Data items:
----------
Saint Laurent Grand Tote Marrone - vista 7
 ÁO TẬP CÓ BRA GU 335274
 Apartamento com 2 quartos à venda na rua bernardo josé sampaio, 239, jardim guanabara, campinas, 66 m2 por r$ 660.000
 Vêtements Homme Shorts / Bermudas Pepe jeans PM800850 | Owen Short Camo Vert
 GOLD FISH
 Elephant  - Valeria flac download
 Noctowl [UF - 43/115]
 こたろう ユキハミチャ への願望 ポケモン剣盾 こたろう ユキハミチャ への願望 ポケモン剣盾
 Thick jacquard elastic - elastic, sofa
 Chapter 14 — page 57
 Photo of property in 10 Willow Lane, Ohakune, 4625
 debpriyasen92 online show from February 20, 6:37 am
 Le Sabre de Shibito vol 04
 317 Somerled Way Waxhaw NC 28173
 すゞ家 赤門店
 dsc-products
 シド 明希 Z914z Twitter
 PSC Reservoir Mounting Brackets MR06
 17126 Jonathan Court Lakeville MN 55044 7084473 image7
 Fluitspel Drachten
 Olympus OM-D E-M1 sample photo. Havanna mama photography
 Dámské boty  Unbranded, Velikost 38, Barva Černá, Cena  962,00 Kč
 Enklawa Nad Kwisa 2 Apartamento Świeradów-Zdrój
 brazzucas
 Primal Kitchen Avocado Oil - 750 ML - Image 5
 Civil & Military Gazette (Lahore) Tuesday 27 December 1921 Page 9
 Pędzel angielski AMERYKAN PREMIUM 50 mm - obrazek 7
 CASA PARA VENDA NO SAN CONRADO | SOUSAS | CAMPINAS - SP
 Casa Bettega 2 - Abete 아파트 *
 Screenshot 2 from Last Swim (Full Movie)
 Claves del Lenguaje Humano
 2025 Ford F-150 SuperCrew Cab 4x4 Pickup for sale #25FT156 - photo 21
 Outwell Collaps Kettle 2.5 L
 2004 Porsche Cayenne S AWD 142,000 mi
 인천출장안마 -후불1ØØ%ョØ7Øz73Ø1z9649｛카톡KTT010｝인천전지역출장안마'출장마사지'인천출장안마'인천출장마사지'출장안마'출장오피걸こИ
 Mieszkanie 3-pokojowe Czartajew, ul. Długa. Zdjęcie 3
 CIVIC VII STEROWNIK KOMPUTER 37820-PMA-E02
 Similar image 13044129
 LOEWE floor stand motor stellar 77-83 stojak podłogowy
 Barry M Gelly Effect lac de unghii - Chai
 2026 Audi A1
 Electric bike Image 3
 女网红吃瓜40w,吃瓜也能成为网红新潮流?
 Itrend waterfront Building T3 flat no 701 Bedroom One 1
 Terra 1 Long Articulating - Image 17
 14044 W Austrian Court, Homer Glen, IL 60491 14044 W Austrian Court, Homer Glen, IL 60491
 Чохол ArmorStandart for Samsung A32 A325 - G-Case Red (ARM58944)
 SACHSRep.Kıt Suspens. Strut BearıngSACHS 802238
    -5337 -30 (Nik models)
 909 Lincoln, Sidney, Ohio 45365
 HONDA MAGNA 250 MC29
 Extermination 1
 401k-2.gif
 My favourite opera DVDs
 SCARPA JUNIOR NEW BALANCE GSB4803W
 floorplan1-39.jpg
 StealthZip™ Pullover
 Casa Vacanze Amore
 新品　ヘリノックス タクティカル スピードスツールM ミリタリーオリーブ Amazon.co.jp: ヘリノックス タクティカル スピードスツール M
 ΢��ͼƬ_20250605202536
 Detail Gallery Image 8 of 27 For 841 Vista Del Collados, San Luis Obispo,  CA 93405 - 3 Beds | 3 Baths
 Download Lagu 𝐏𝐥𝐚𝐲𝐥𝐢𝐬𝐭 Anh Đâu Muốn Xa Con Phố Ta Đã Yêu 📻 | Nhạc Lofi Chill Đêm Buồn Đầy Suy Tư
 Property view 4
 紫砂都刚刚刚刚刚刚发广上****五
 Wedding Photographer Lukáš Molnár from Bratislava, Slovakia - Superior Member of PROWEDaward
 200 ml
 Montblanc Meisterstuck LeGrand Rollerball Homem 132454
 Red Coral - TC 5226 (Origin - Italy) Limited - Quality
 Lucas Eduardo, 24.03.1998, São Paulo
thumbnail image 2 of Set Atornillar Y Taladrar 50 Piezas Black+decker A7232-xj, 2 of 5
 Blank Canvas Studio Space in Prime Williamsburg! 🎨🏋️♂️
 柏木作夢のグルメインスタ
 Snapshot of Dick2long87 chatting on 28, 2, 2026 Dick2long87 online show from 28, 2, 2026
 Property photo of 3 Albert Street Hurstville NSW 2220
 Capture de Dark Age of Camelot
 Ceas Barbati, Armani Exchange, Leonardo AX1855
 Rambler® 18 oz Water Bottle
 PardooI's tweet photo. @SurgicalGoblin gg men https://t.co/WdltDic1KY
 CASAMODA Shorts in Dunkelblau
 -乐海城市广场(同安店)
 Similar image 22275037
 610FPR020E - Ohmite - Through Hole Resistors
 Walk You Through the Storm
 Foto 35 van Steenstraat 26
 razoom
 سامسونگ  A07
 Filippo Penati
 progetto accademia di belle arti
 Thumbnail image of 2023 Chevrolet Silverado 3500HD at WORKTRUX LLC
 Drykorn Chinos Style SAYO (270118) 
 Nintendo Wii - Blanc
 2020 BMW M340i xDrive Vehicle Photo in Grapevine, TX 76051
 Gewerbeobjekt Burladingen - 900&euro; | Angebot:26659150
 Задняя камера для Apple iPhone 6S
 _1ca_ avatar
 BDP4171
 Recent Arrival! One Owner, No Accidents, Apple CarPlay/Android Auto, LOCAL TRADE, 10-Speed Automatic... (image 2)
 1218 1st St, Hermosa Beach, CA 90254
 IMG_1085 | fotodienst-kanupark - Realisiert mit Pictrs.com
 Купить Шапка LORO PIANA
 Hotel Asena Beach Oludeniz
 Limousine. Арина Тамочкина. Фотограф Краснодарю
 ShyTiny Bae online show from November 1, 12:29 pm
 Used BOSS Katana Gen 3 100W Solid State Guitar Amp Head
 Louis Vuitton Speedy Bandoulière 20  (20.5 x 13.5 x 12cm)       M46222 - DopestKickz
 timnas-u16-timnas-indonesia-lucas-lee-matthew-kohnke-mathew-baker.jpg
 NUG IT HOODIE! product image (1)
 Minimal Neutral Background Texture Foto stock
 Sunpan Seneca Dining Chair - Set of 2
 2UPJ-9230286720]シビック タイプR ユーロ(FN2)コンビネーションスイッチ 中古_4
----------
> [Task directions]
Among the lines above, return each one holding the string "Shorts".

> [Answer to this exercise]
 Vêtements Homme Shorts / Bermudas Pepe jeans PM800850 | Owen Short Camo Vert
 CASAMODA Shorts in Dunkelblau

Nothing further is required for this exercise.